What got removed, not just added

Half the honest story is subtraction. Card payments were ripped out completely - the business moved to invoice billing. Self-serve onboarding was replaced by fully manual, hand-done onboarding. Features got built, used for a while, then removed when the business pivoted. Five years on one system also means five years of un-building parts of it. First real lesson: you'll build a lot that turns out not to be needed, and part of the job is deleting your own work without ego about it.

CRMs are the hard part

The single most annoying thing over five years was integrating with clients' CRMs.

Every CRM models the world differently. "Lead", "contact", "deal" mean different things in every system, and the relationships between them differ too. There's no clean shared model to map onto.

Worse: clients use their CRM differently from each other, and differently from how the CRM intends. Some live in deals, some only ever touch contacts, some run lifecycle stages, many ignore all of it and bend the CRM into something it wasn't built for. Some have a proprietary system, or a very specific custom setup in their preferred CRM, that needs an exact data shape on our side - sometimes custom code per client to match it. And there's often a non-technical "CRM consultant" in between, which is its own special kind of slow.

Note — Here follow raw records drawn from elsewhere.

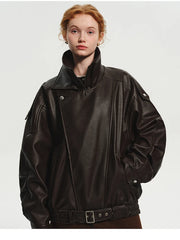 Long Sleeve Brown Leather Jacket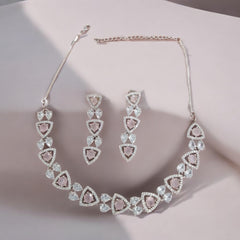 Elegant Pink and White Stone Necklace and Earring Set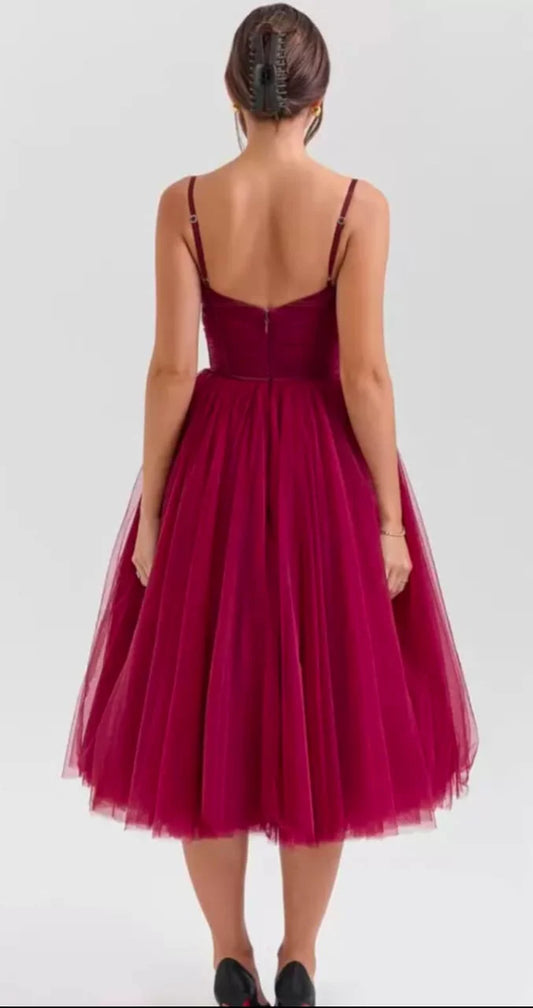 Wine Mesh Midi Dress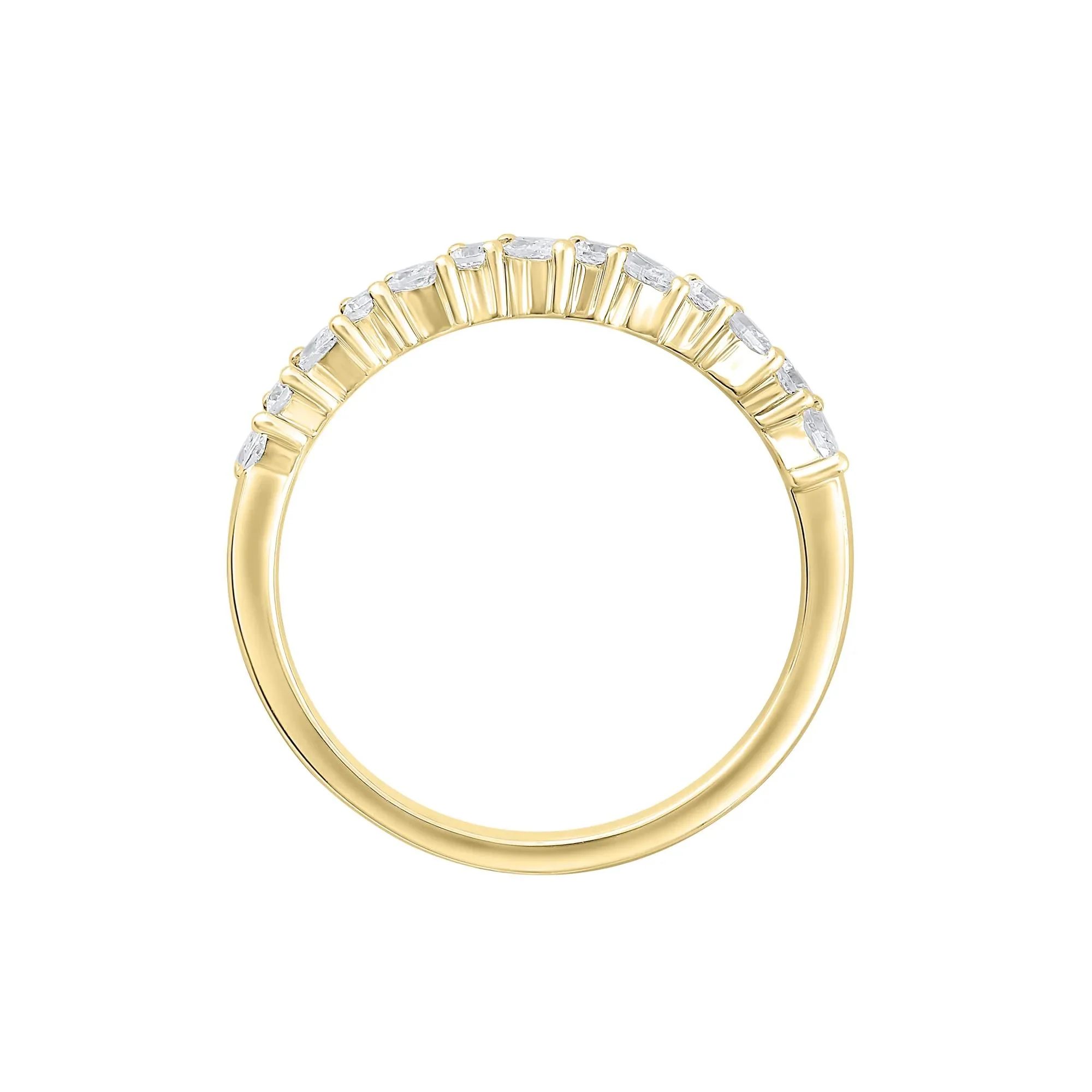 1/2 CT. Tw. Lab Grown Diamond Anniversary Band Ring 14K Yellow Gold Size 7 1mm - Image 2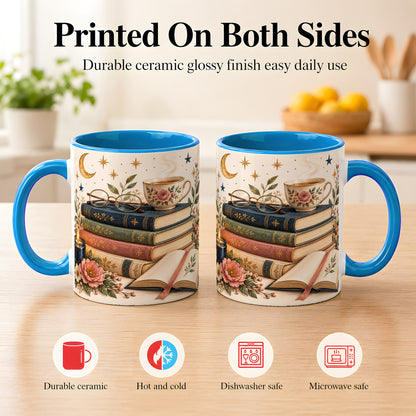 #pl[11oz|Blue] Vintage Book Lover Coffee Mug, Botanical Reading Mug, Ceramic Cup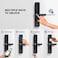 Smart Bluetooth Lock for Wooden &amp; Metal Doors, 4-Way Access, OzoLife App, Fingerprint, Password, RFID Card, 35-80 mm Door Thickness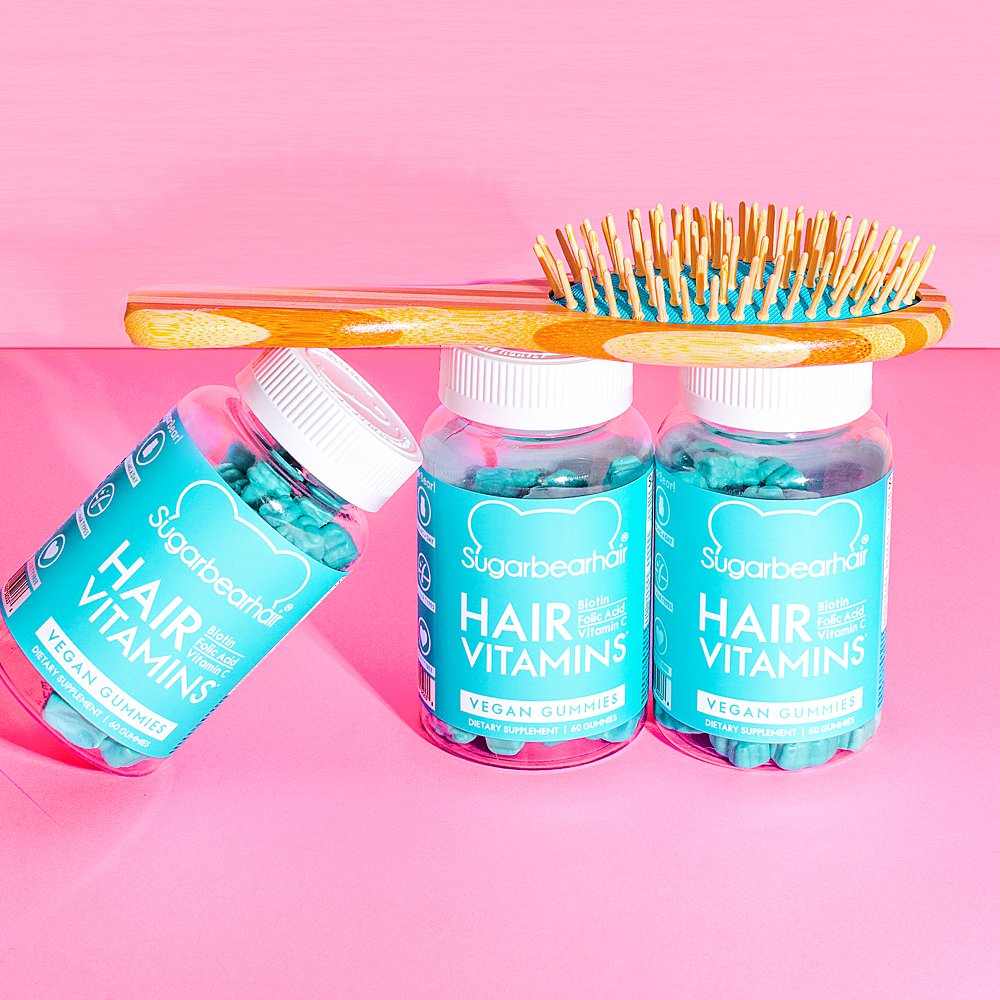 Colour-filled beauty product content creation for Sugarbearhair vitamins. Styled health product stills photography by Marianne Taylor.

What makes it survivable: keep the data inside our own platform strict and consistent. If our side is clean, the mapping and output to each client's CRM stays clean too. Once an integration is set up and working, it tends to run for years without real trouble - even with a high, messy variety of leads coming in - precisely because the mess gets normalized before it ever reaches the CRM boundary.

Real-estate data is messier than it sounds

"A project" is not one thing. Sometimes it's a single building for sale. Sometimes four different unit types in different sizes, many units each. Sometimes one specific existing house. Data needs and amenities vary enormously by country. Lead-intake forms vary just as much - per client, per project - which makes matching a lead to the right project its own ongoing problem.

Then volume: a 100k+ email list, segmented on project data, lead data, and lead behaviour. Sending, queues, bounce and feedback handling, keeping segmentation in sync - none of it is hard once; all of it needs careful design to stay correct at that size over years.

What it actually shows

Not "I architect grand platforms." It shows the thing that's actually rare: a €2,000 job can become a five-year operational relationship if someone stays, keeps the system matching the business as it pivots, normalizes the mess so the integrations keep working, and removes their own work when it stops earning its place. That's the shape of engagement I do - and the kind of client I'm looking for one or two more of.